**The problem**
Beginning at the line that holds "Load image into", repeat every line through the last line of the material, exactly, and drop any pictures.
───── Data extract
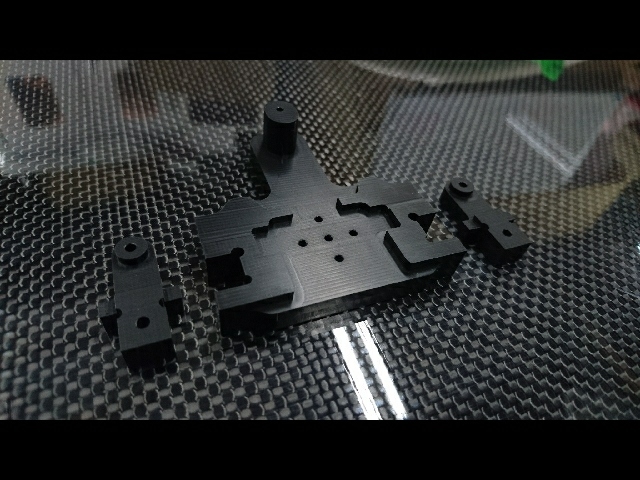 【Tool】AR chassis mount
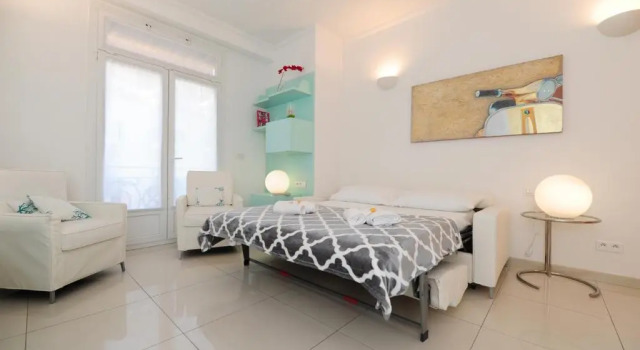 Апартаменты Superior La Suite des Anges Res. Negresco Five stars Holiday House
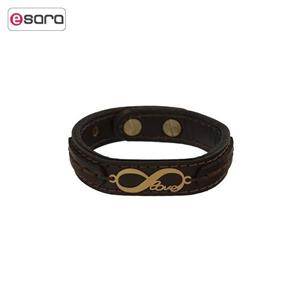 دستبند طلا رزا مدل BMG-27 Rosa BMG-27 Gold Bracelet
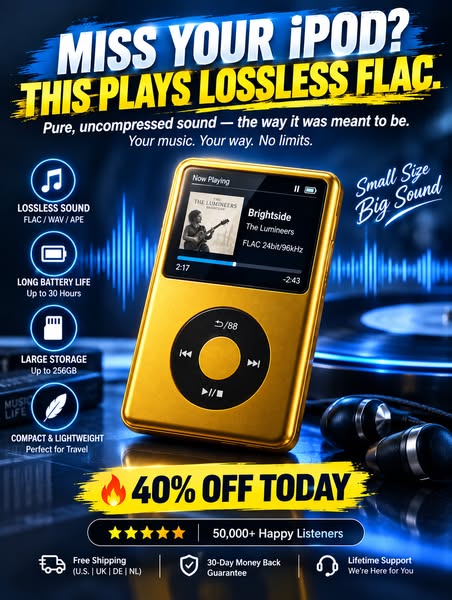Remember When Your Music Was Yours?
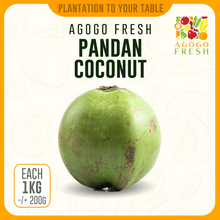 Load image into Gallery viewer, Pandan Coconut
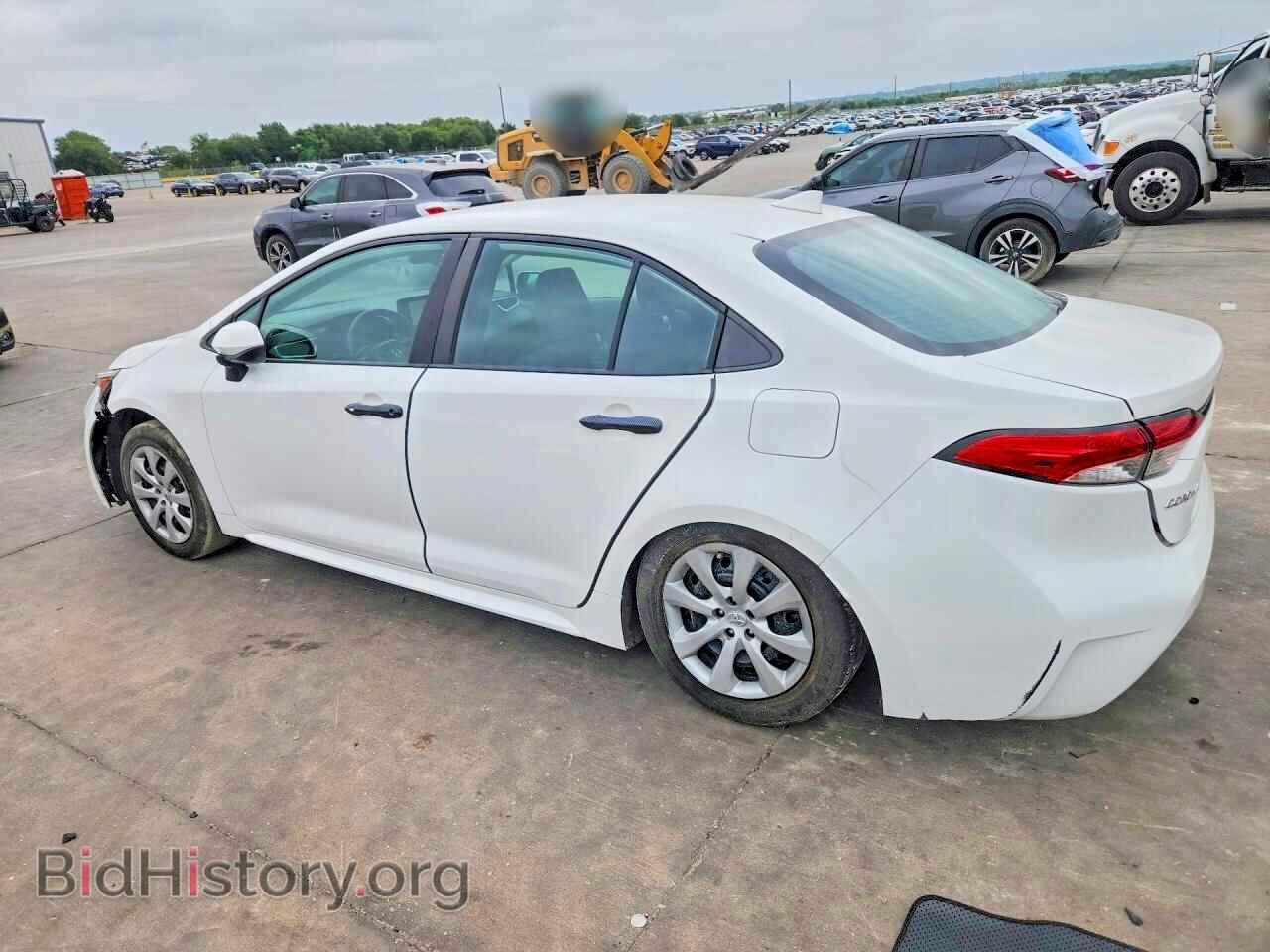 2023 TOYOTA COROLLA - VIN: 5YFB4MDE6PP044403 - Фото 2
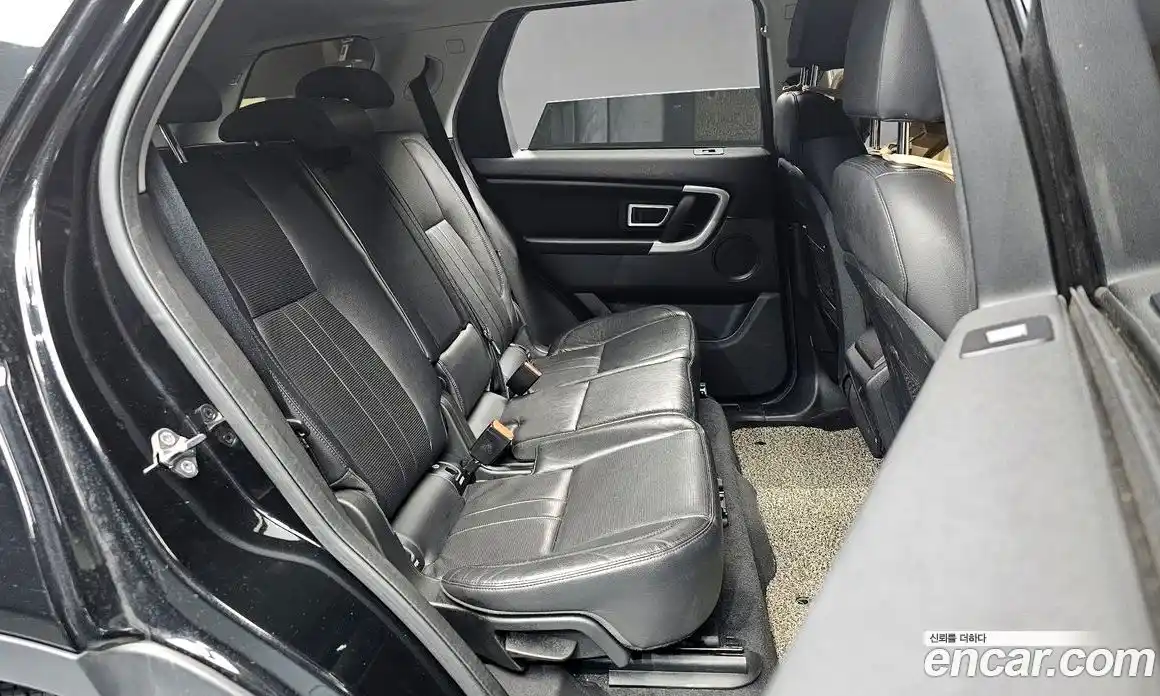 Land Rover Discovery Sport 2018 2.0 гидро в Москве № 766140, фото 12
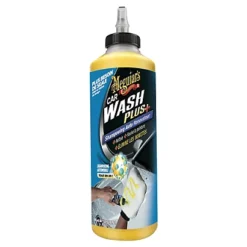 Shampooing Car Wash Plus Meguiar'S, Flacon De 700 Ml
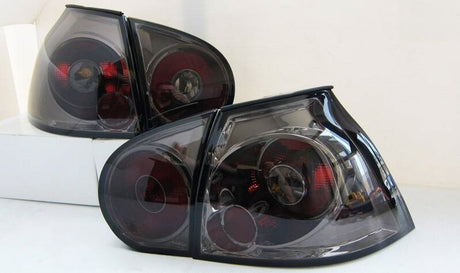 Smoke Altezza Tail Lights Fit For Volkswagen GOLF V GTI MK5 2003-2008 - Machter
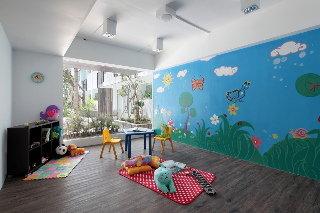 Prani Legian Hotel Екстериор снимка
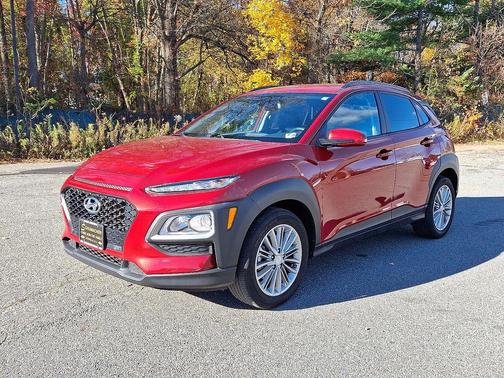 2021 Hyundai KONA SEL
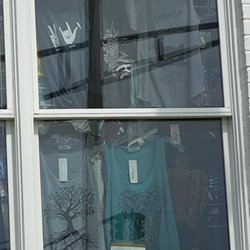 Tanir's Shy Pelican - Cute, different shirts.
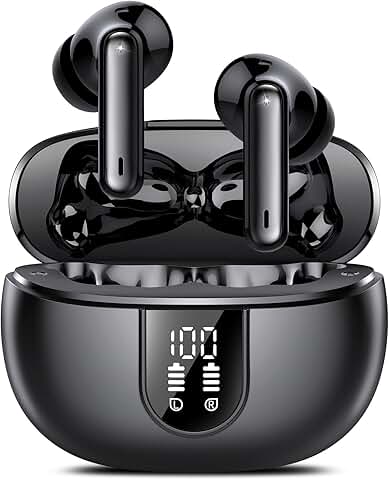 Real-Time Language Translator Earbuds with 164 Languages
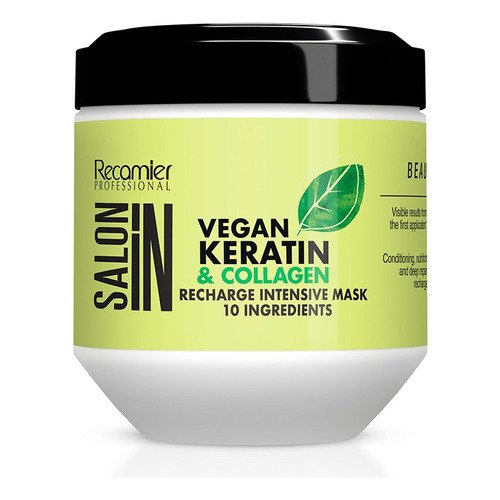 Vegan Keratin Collagen Rech - g a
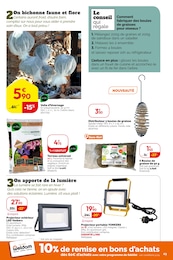 Prix et réduction Terreau universel dans le prospectus Weldom en cours Offre Terreau universel dans le catalogue Weldom du moment à la page 23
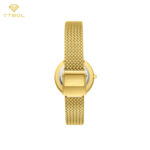 ساعت مچی زنانه لی کوپر بند حصیری LEE COOPER LC08136.130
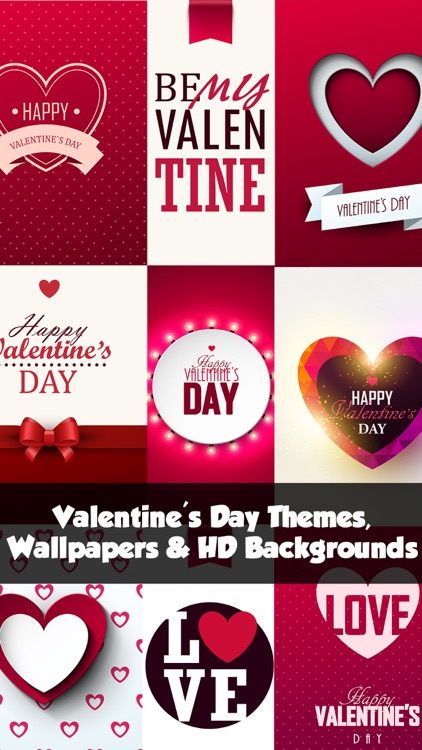 Valentines Day Themes, Wallpapers & Backgrounds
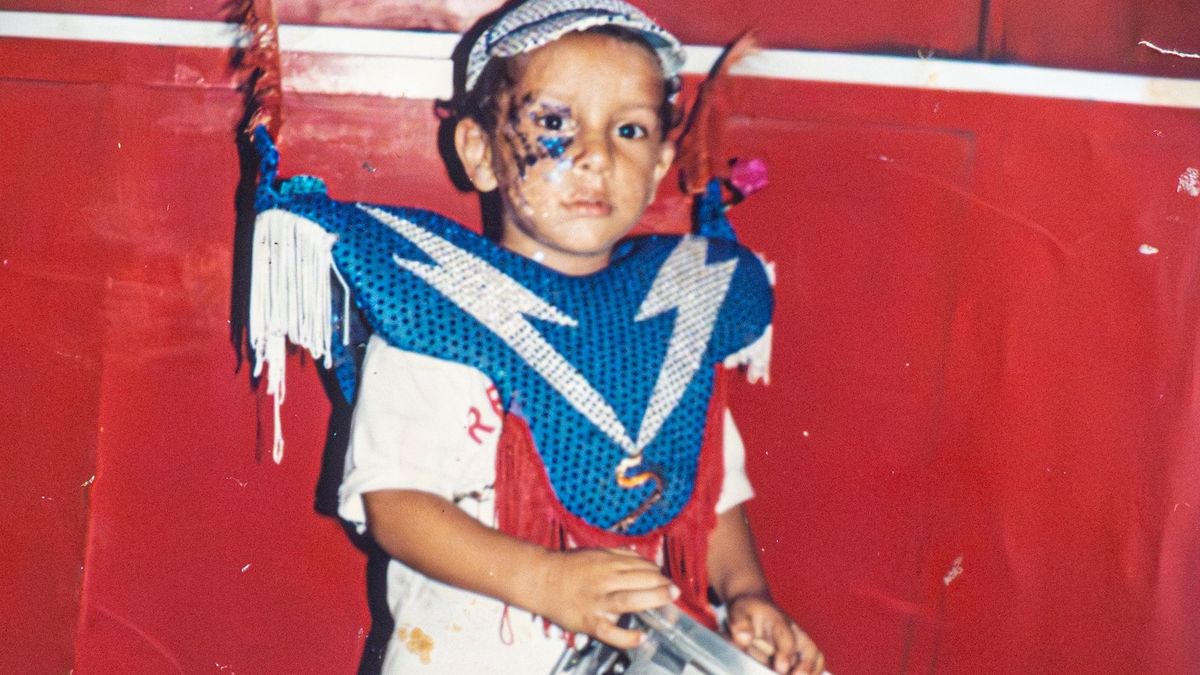 Mi primer Mundial: Sebastián Cáceres, el abanderado de la escuela que nació por 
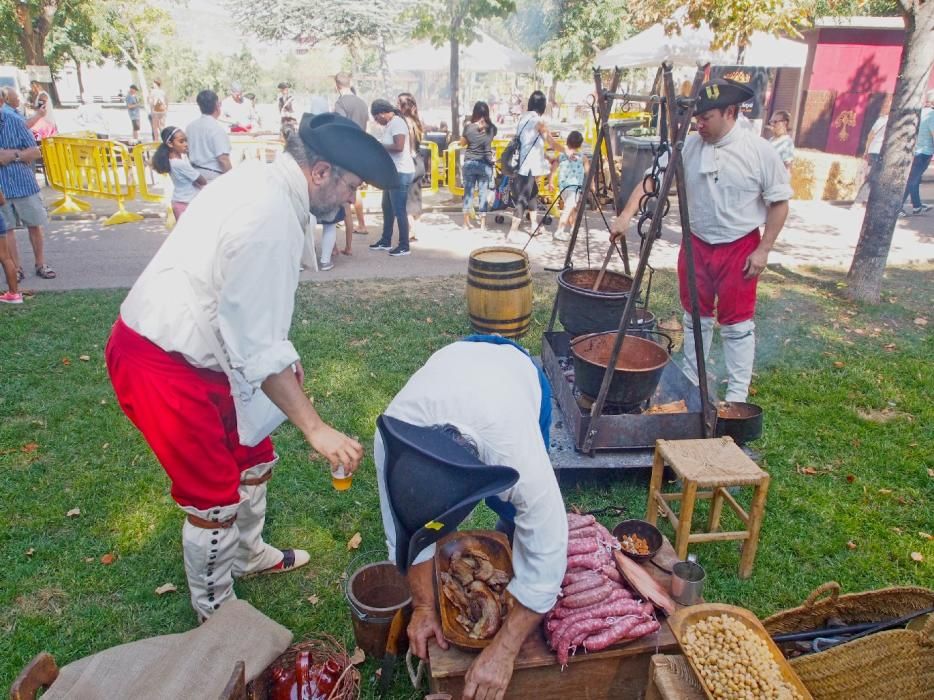 Festa dels Miquelets a Olesa de Montserrat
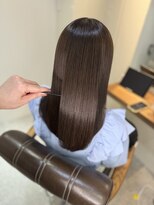 アールサロン 名駅(Rr SALON)&nbsp;潤うトリートメント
──────────
**Solution to this problem**
 Load image into Gallery viewer, Pandan Coconut
 2023 TOYOTA COROLLA - VIN: 5YFB4MDE6PP044403 - Фото 2
 Land Rover Discovery Sport 2018 2.0 гидро в Москве № 766140, фото 12
 Shampooing Car Wash Plus Meguiar'S, Flacon De 700 Ml
 Smoke Altezza Tail Lights Fit For Volkswagen GOLF V GTI MK5 2003-2008 - Machter
 Prani Legian Hotel Екстериор снимка
 2021 Hyundai KONA SEL
 Tanir's Shy Pelican - Cute, different shirts.
 Real-Time Language Translator Earbuds with 164 Languages
 Vegan Keratin Collagen Rech - g a
 Prix et réduction Terreau universel dans le prospectus Weldom en cours Offre Terreau universel dans le catalogue Weldom du moment à la page 23
 ساعت مچی زنانه لی کوپر بند حصیری LEE COOPER LC08136.130
 Valentines Day Themes, Wallpapers & Backgrounds
 Mi primer Mundial: Sebastián Cáceres, el abanderado de la escuela que nació por 
 Festa dels Miquelets a Olesa de Montserrat
 アールサロン 名駅(Rr SALON)&nbsp;潤うトリートメント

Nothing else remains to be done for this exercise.